(Dataset excerpts)

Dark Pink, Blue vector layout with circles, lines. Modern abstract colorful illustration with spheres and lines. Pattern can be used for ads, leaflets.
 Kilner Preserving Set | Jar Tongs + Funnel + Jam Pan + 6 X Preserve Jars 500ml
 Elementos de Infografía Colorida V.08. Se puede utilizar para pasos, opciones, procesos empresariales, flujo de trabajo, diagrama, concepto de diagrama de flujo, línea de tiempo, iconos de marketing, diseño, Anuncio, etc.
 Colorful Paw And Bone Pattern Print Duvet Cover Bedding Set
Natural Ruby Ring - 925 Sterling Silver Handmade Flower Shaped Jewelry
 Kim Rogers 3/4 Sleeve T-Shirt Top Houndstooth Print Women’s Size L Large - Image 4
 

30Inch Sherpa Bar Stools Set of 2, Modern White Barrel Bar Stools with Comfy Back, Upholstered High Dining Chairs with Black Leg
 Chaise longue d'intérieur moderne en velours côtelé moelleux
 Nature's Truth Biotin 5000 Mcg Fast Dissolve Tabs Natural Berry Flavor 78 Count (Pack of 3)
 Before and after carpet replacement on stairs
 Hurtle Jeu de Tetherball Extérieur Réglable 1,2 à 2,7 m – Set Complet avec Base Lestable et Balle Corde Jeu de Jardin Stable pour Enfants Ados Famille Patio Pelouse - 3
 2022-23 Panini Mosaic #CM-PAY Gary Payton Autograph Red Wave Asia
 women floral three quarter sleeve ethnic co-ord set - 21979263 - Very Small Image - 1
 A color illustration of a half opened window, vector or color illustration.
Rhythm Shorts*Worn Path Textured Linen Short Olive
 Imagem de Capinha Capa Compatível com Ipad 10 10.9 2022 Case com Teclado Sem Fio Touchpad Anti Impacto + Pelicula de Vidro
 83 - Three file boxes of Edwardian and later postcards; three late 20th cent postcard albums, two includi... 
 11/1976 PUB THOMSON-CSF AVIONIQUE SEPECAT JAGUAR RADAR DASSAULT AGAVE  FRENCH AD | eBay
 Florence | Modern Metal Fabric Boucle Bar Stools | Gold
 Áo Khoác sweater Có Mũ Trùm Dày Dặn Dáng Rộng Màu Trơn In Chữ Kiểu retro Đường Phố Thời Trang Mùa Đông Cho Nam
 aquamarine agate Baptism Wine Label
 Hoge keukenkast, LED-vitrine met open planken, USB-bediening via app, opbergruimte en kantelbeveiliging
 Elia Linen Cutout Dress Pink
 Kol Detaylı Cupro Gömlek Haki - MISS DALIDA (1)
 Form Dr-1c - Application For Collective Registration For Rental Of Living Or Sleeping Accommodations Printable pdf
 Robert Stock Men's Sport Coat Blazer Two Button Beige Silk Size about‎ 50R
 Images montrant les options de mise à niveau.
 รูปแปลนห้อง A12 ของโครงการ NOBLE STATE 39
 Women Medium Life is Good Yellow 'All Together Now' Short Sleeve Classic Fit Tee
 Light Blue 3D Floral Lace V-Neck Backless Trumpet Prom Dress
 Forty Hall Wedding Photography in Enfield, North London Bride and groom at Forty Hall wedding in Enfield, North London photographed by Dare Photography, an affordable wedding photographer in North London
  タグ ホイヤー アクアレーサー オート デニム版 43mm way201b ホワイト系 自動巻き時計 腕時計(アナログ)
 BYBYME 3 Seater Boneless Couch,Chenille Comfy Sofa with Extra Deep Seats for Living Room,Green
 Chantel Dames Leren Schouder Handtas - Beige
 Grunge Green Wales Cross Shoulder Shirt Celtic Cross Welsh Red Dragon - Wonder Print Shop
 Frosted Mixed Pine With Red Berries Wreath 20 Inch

▶ **Exercise directions**: Would you copy out every line in the records that includes the string "Pink"?

▶ **Task solution**:
Dark Pink, Blue vector layout with circles, lines. Modern abstract colorful illustration with spheres and lines. Pattern can be used for ads, leaflets.
 Elia Linen Cutout Dress Pink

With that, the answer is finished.